To participate, please find a trial that is right for you (or someone you love) and contact a clinical site near you. Each of our studies have different eligibility criteria. While not everyone can join a trial, you can always become an advocate by sharing the trials with someone you know who might be able to participate.
To watch an informational video about why your participation in clinical trials is so important, click here.
We appreciate your support as we seek to prevent and treat Alzheimer’s disease.

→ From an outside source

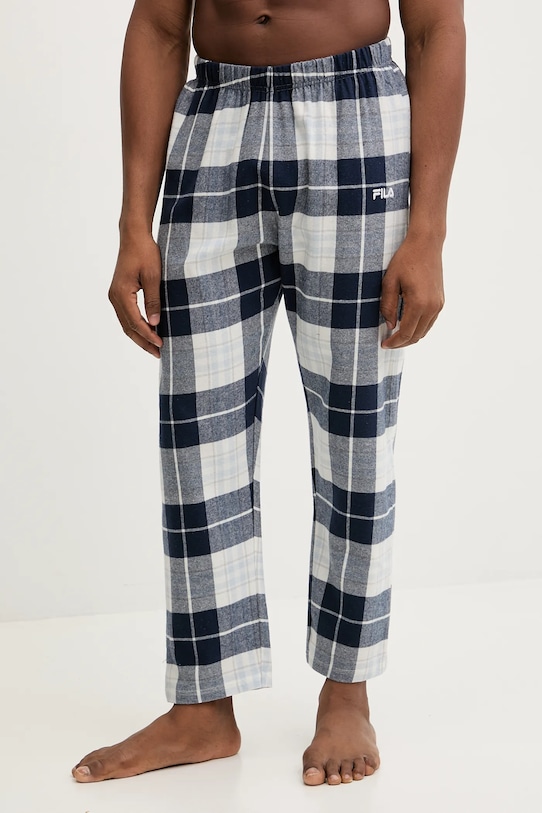 Fila pijamale de bumbac burgundia FPW1237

Active Studies – Recruiting
The Alzheimer’s Disease Neuroimaging Initiative (ADNI), a landmark study that began in 2004, is a public-private research partnership tasked with identifying biomarkers to detect Alzheimer’s disease (AD). The study has gathered and analyzed thousands of brain scans, genetic profiles and biomarkers in blood and cerebrospinal fluid (CSF) and was designed to enable researchers to follow AD as it progresses in an individual, from various points in the disease process. ADNI3 will include 600 new participants age 55-90 and 600 rollover participants from ADNI2.

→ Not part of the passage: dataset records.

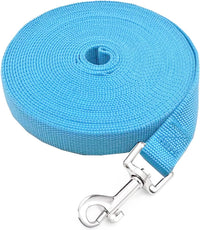 SALO Nylon Training Dog Leash for Small Medium Large Dogs - Sky Blue / 1 inch x 40 feet - image 3
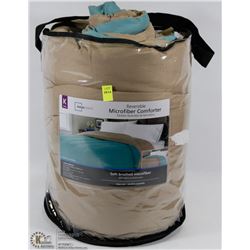 KING REVERSIBLE MICROFIBER COMFORTER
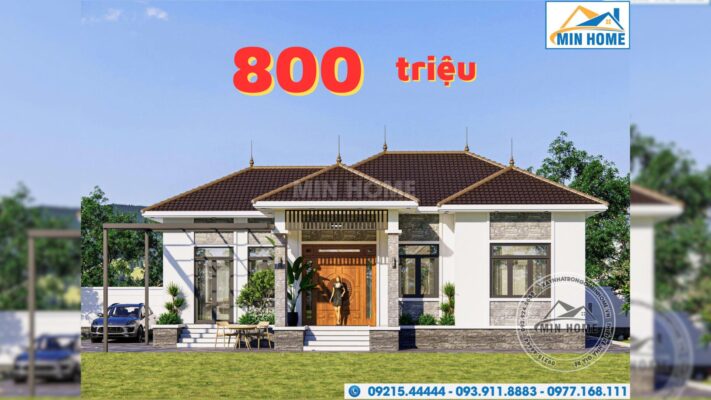 mau nha cap 4 mai nhat 2 phong ngu dep me nhin muon xay mn04958 10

Alzheimer Prevention Trials (APT) Webstudy
If you are 50 years of age or older, now is the time to volunteer for the Alzheimer Prevention Trial Webstudy (APT Webstudy) and help us in the fight against Alzheimer’s disease. The APT Webstudy is an online cognitive assessment research study aimed at accelerating the enrollment time for clinical trials designed to prevent Alzheimer’s disease. The purpose of the webstudy is to develop a large online group of individuals who may be at higher risk for developing Alzheimer’s dementia, and who may be interested in participating in a prevention trial. By volunteering your time to take and share your memory and thinking test results, you will be helping to reduce the time it takes us to conduct our research.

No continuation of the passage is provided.